Estimating depreciation is both an art and science—one that if not performed effectively can result in both small and large scale economic problems. A consumer may lose anywhere between 25% and 40% of what they paid for a new car over their first three years of ownership, and if they buy a car that depreciates quickly, they may not be able to sell it without a huge cash outlay. Large companies can suffer even more significant losses. In November of 2016, Hertz lost $1.5 Billion, 52% of its market value, because “the rental company failed to adequately price the cars in its fleet and depreciate them over time before selling them in used-car auctions.”
Fundamentally, depreciation is a determination of the market value of the vehicle after some amount of usage. To calculate the value of depreciation, subtract the residual value from the original value.
The value of a used vehicle is determined by a few simple market factors, mainly:
These factors together then overlay onto the basic supply and demand equation for any given type of vehicle.
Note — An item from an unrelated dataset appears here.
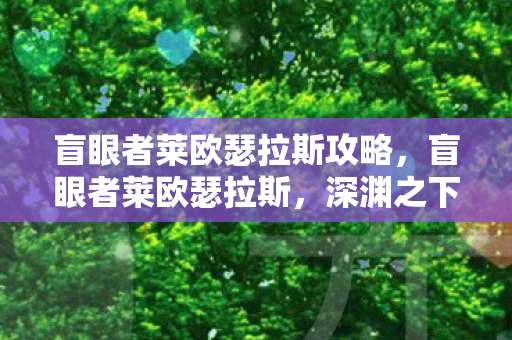 盲眼者莱欧瑟拉斯攻略，盲眼者莱欧瑟拉斯，深渊之下隐藏的智慧与力量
Over the last 30 years, in a world of ICE (internal combustion engines), auto depreciation has been estimated by taking historical data on the market value of cars over their lifespan and finding the closest historical match to a new car today. Different brands tend to depreciate at variable rates. For example, today’s Lincoln vehicles depreciate much faster than Toyota vehicles. Typically, depreciation equations for any given brand and model are dominated by only two factors, mileage and age. Briefly setting aside fuel costs (which makes gas guzzlers less valuable when fuel prices are high), this method has been relatively accurate. However, for any given car, there is a margin of error due to mechanical issues that may have surfaced. Essentially, the more reliable the car, the better accuracy of depreciation calculations as it gets older.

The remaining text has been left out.